March 18, 2022
Sir Wira Gardiner: Life of service to country and Māori
Sir Wira Gardiner, one of the most dominant figures in Māori development in the past three decades, has died at home with his family in Gisborne after a lengthy illness.
He was 78.
In accordance with his express wish that public health be prioritised and the demands on frontline workers be recognised, there will be no tangihanga at the marae.
Sir Wira was born in Whakatane in 1945 and had whakapapa to Ngāti Awa, Ngāti Pikiao, Te Whakatōhea and Te Whānau ā Apanui.
He spent 20 years in the New Zealand Army, including service in South Vietnam, and was the army’s highest-ranked Māori officer when he retired in 1983 as lieutenant colonel.
He joined the public service, initially as national director of Civil Defence and then running programmes for the Māori Affairs Department.
He was eventually appointed to head up its successor organisations, the Iwi Transition Agency and the Ministry for Māori Development.
After stepping down in 1985 he started the consulting firm Gardiner & Parata, offering Māori advice to other public sector agencies.

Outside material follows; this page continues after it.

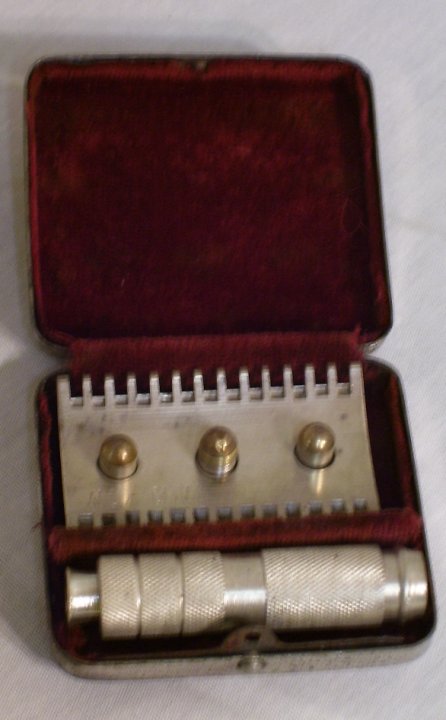 Travel Razor in Case, Marked Andoa Germany from about 1930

He was called on by successive governments as a trouble shooter, including most recently being appointed interim chief executive at Oranga Tamariki.
He wrote several books, including histories of the 28 Māori Battalion, a record of the Fiscal Envelope controversy, and a biography of Parekura Horomia.
In 1989 he was made a Knight of the New Zealand Order of Merit for his contribution and services to Māori.
Sir Wira is survived by his wife Hekia Parata and his five children.
Nō reira, e te rangatira e Harawira Tiri Gardiner, moe mai rā.